TEMPO.CO, Yogyakarta - Direktur Eksekutif Yayasan Satu Dunia Firdaus Cahyadi mengatakan draf revisi Undang-Undang Nomor 11 Tahun 2008 tentang Informasi dan Transaksi Elektronik yang saat ini sedang dibahas pemerintah bersama DPR masih mempertahankan pasal karet dan pencemaran nama baik.
Menurut Firdaus, beleid tersebut masih rentan dengan diskriminasi. Ia mencatat terjadi 2 kasus pelanggaran pada tahun 2008, dan 62 pada tahun 2015. “Perkembangannya sangat signifikan,” katanya dalam sebuah dialog di Yogyakarta, Selasa, 26 Januari 2016.

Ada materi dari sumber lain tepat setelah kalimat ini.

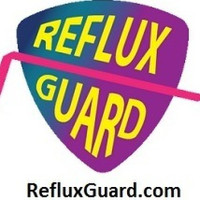 Reflux  Guard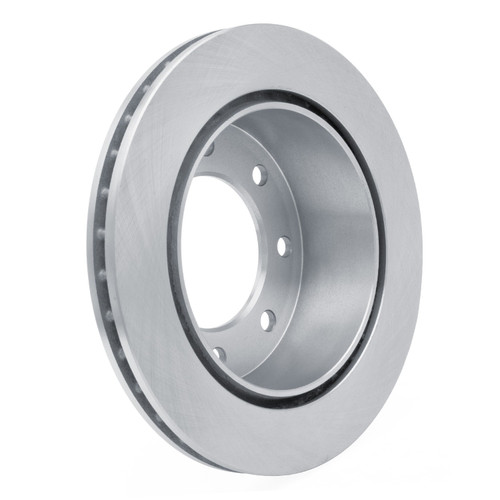 Disc Brake Rotor 600-48039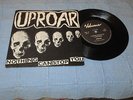 Uproar - Nothing Can Stop You 7
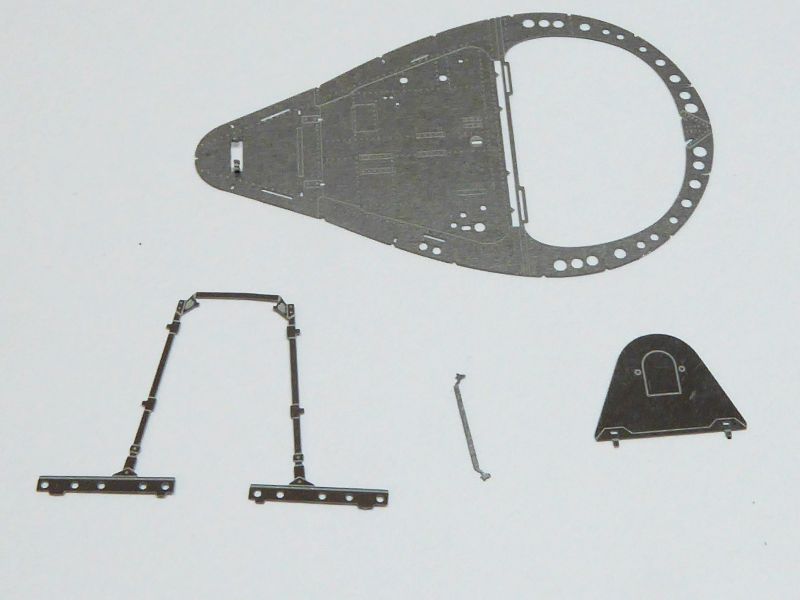 P1010303.JPG
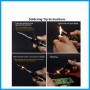 Soldering Iron
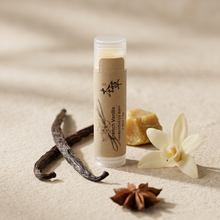 Load image into Gallery viewer, LIP BALM
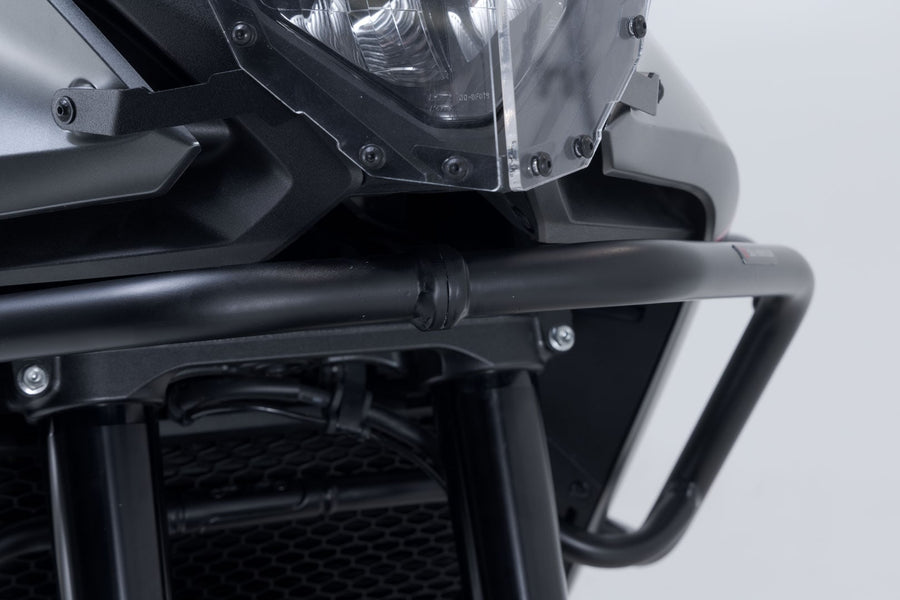 Honda XL 750 Transalp [2023-2026] - Sturzbügel – Bild 7
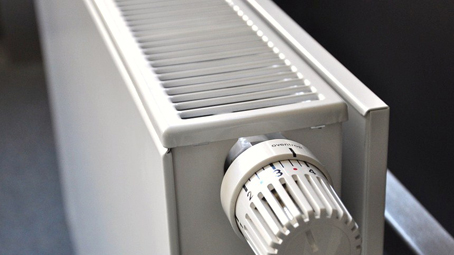 termosifone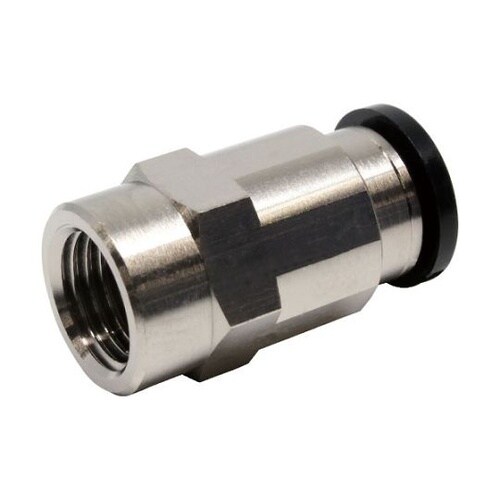 PCF1002 チューブフィット メス直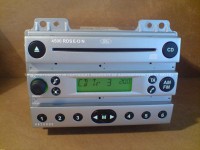 midaug2008015gfg.jpg (81.07 KiB) Vizualizat de 459 ori midaug2008015gfg.jpg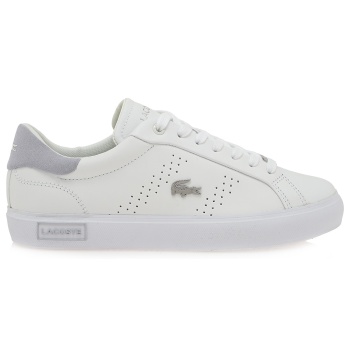 sneakers σχέδιο w132j3651 σε προσφορά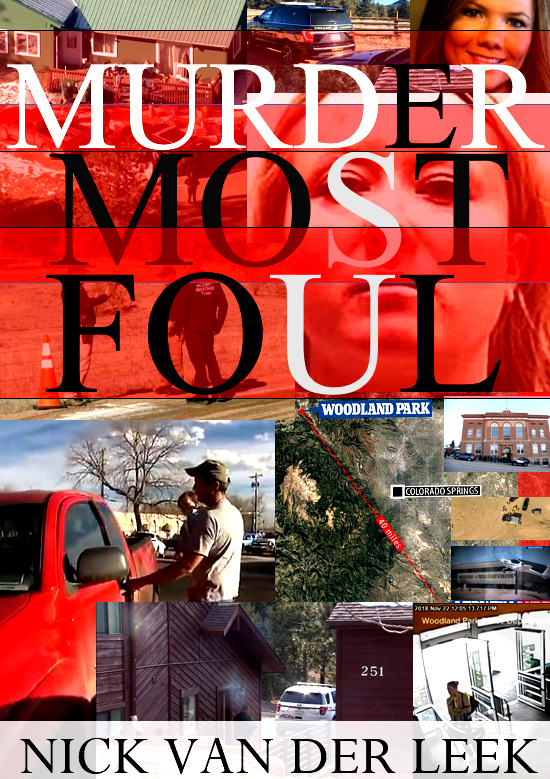 Fullscreen capture 20191109 055525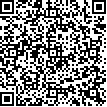 QR Kode der Firma Stamo Muller, s.r.o.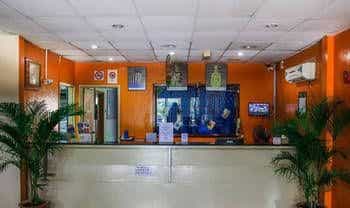 Highway Hotels - Seremban North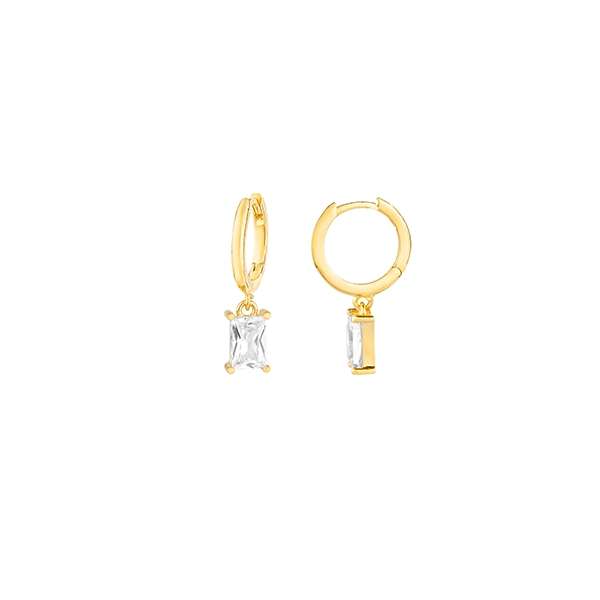 RADIANT JEWELS JEWELRY RY000061 (RY000061)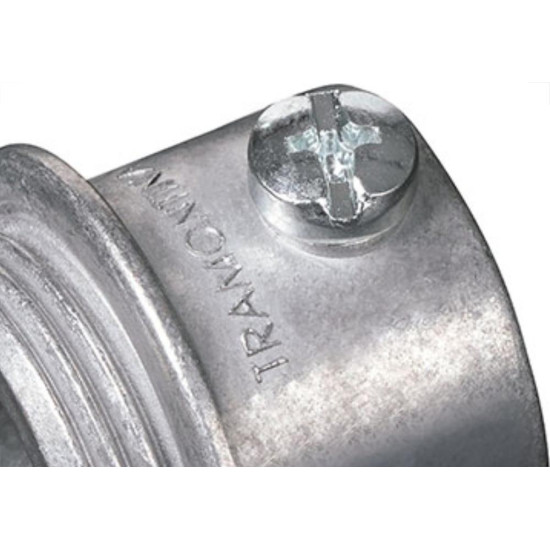 Unidut Multiplo Tram 1/2'' 56251/050 Unidut Multiplo Tram 1/2'' 56251/050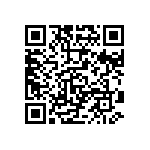 PSC12R-120-R-CR2 QRCode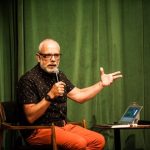 Guilherme_Bonfanti_-_foto_Diego_Bresani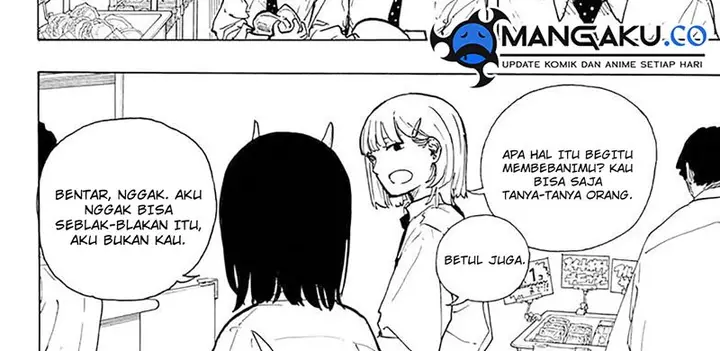 image-komik-ruri-dragon-chapter-16-44/49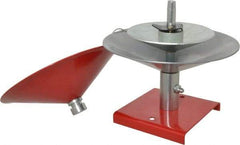 PRO-LUBE - Grease Lubrication Steel Wheel Bearing Packer - A1 Tooling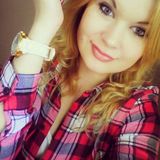 Zdjęcie użytkownika xxXLadyLoveXxx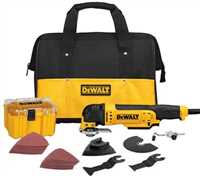 DDWE315K,Rotary Tools,Dewalt Industrial Tool Co.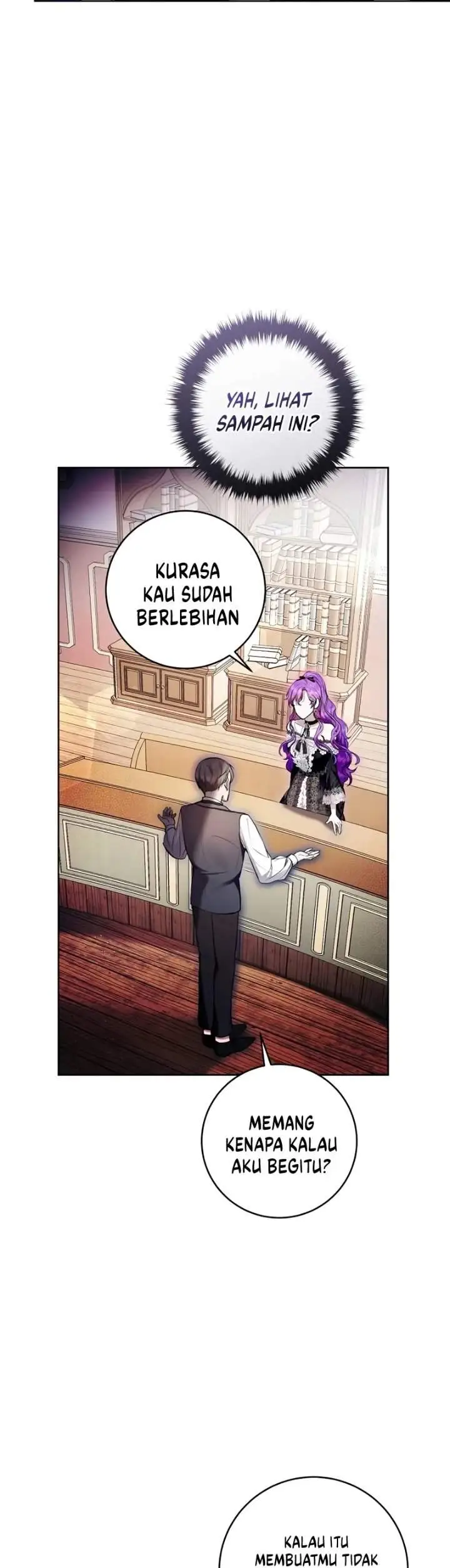 image-komik-whats-wrong-with-being-the-villainess-chapter-27-24/58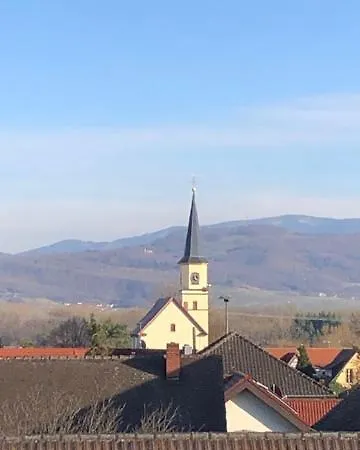 Kulturvogtei Freiburg-tiengen * Freiburg im Breisgau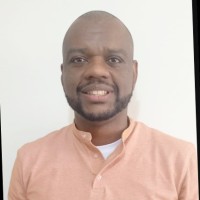 Alex Ribeiro dos Santos's profile photo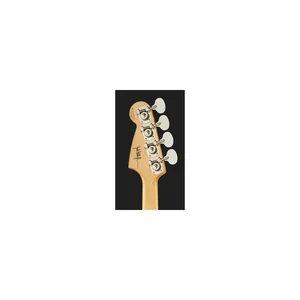Fender JMJ Mustang Bass R.Worn RW DB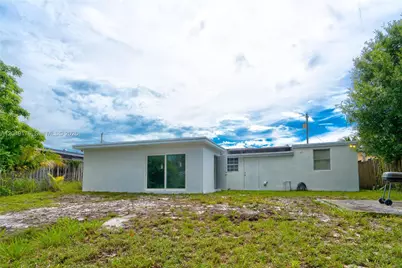 649 NW 24th Ave, Fort Lauderdale, FL 33311 - Photo 25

Direktur Eksekutif Pemantau Regulasi dan Regulator Media PR2Media Amir Effendi Siregar mengatakan saat ini tidak ada langkah yang cukup serius untuk menindaklanjuti sejumlah pelanggaran yang terjadi di industri penyiaran. "Sudah ditegur-tegur, tapi action-nya apa?" ungkapnya.
Amir berharap ke depannya pemerintah melalui Komisi Penyiaran Indonesia dan Kementerian Komunikasi dan Informatika lebih memfokuskan pada aspek penegakan hukum penyiaran. Saat ini peraturan terhadap media massa lebih banyak dipegang oleh Kementerian, sedangkan KPI lebih banyak mengatur tentang isi penyiaran. "Sekarang ini keduanya dikeluarkan oleh pemerintah (Kementerian Komunikasi dan Informatika)," katanya.
Firdaus mengatakan revisi UU ITE sudah dilakukan sejak tahun lalu. Namun, hingga kini, ia melihat tidak ada tindakan yang jelas dari pemerintah. “Lambannya Keminfo dalam merevisi UU itu karena banyak ancaman yang datang dari luar,” ungkapnya.
Firdaus meminta pemerintah memasukkan aturan untuk melindungi hal-hal yang bersifat pribadi terhadap pengguna teknologi informasi. “Harusnya UU ITE mengatur itu, bukan hanya pencemaran nama baik saja.” Ia juga menyayangkan draf RUU ITE saat ini yang hanya mengurangi masa hukuman dari 6 tahun menjadi 4 tahun sebagaimana yang tertuang dalam pasal 27 ayat 3.
Sementara itu, peneliti PR2Media, Wisnu Martha Adiputra, menyatakan UU ITE yang tertuang dalam pasal 27 ayat 3 tersebut membuat masyarakat terkekang dalam menyampaikan opini dan ekspresinya. Persoalan lain, kata Wisnu, adalah perlindungan bagi pengguna teknologi informasi dalam melakukan transaksi via Internet. “Masyarakat yang menggunakan Internet masih belum terlindungi,” ungkapnya.
Wisnu mengatakan selama ini banyak kasus penipuan dan tidak adanya jaminan keamanan bagi pengguna Internet. Ia juga berharap pemerintah untuk lebih dalam mengelola UU ITE. “Penentuan pembatasan kritik dan opini harus jelas,” ucapnya.